**Data**
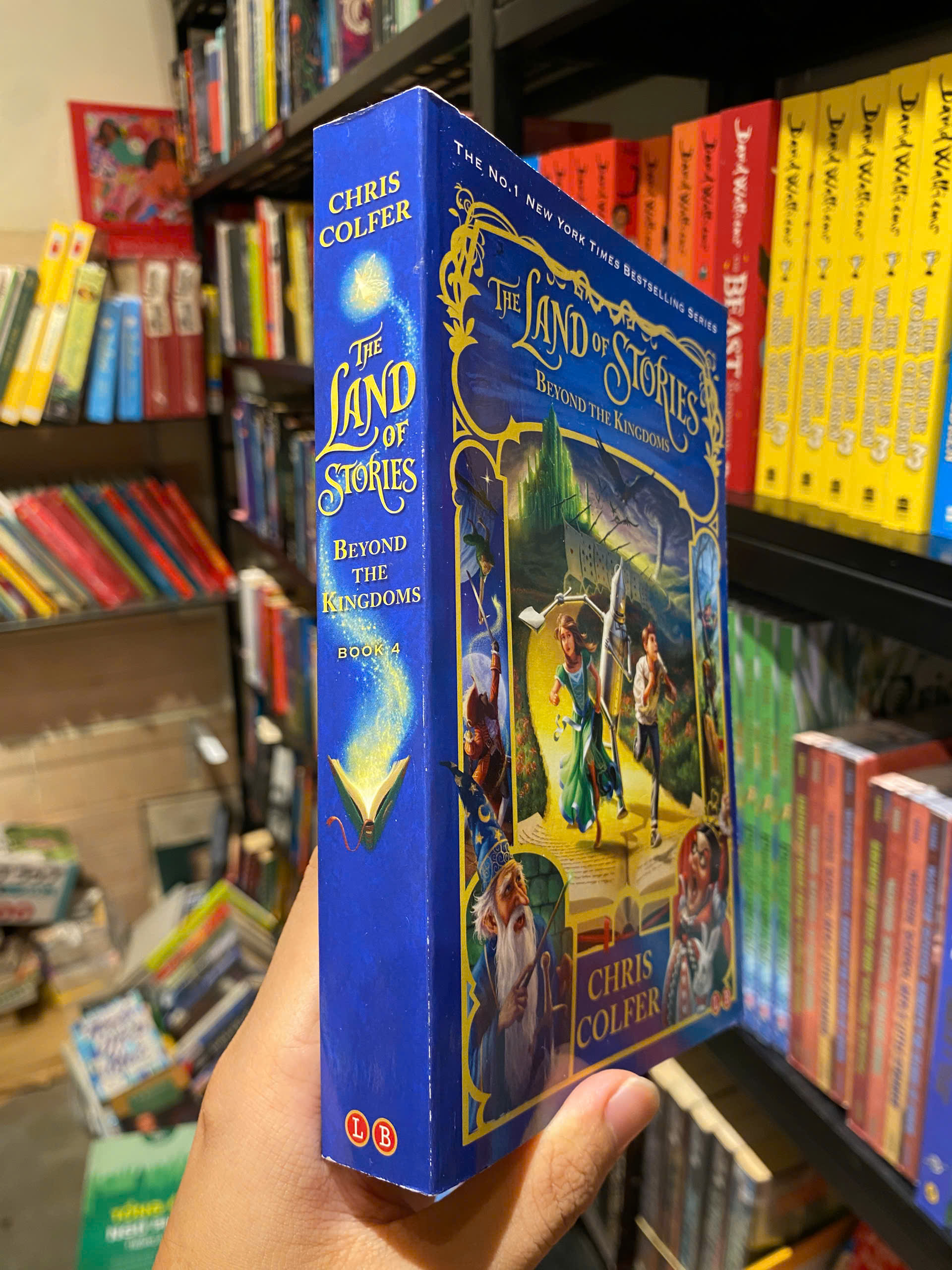 Sách - The Land of Stories: Beyond the Kingdoms by Chris Colfer | English Childrens Adventure Novel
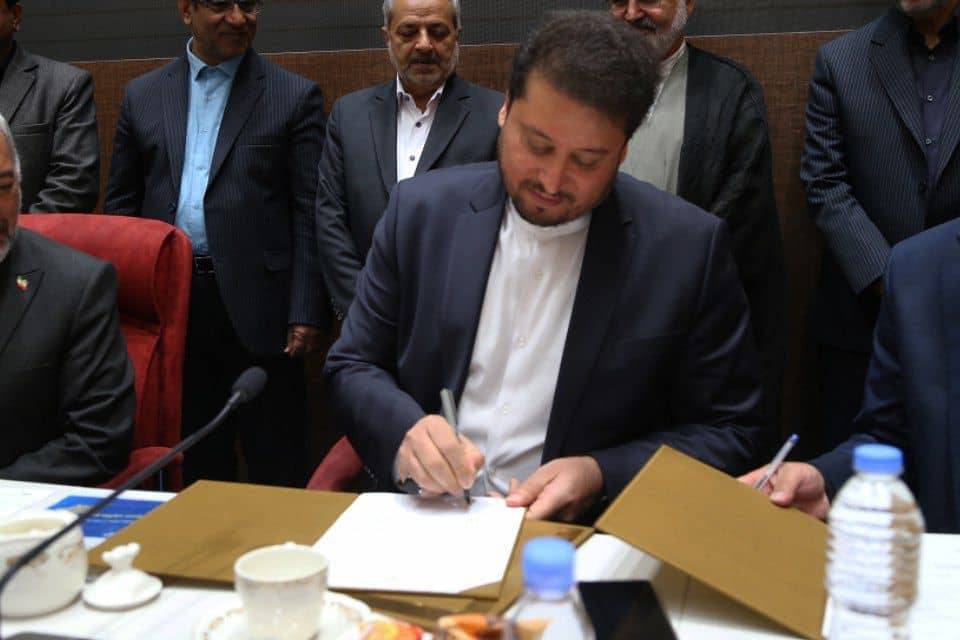 امضای تفاهم‌نامه همکاری وزارت آموزش و پرورش باسازمان همیاری شهرداری های خراسان رضوی ؛
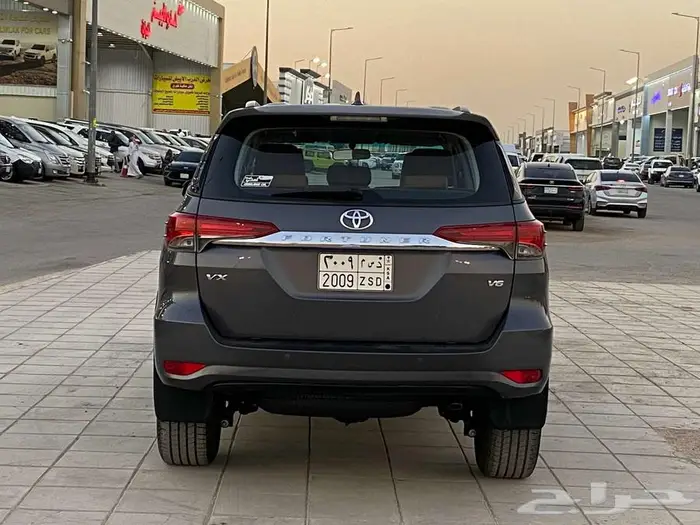 تويوتا فورشنر VX1 بنزين 2018 4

**Work item**
In transcribing the material above, reproduce each line exactly and include none of the pictures.

**Task solution**
 Sách - The Land of Stories: Beyond the Kingdoms by Chris Colfer | English Childrens Adventure Novel
 امضای تفاهم‌نامه همکاری وزارت آموزش و پرورش باسازمان همیاری شهرداری های خراسان رضوی ؛
 تويوتا فورشنر VX1 بنزين 2018 4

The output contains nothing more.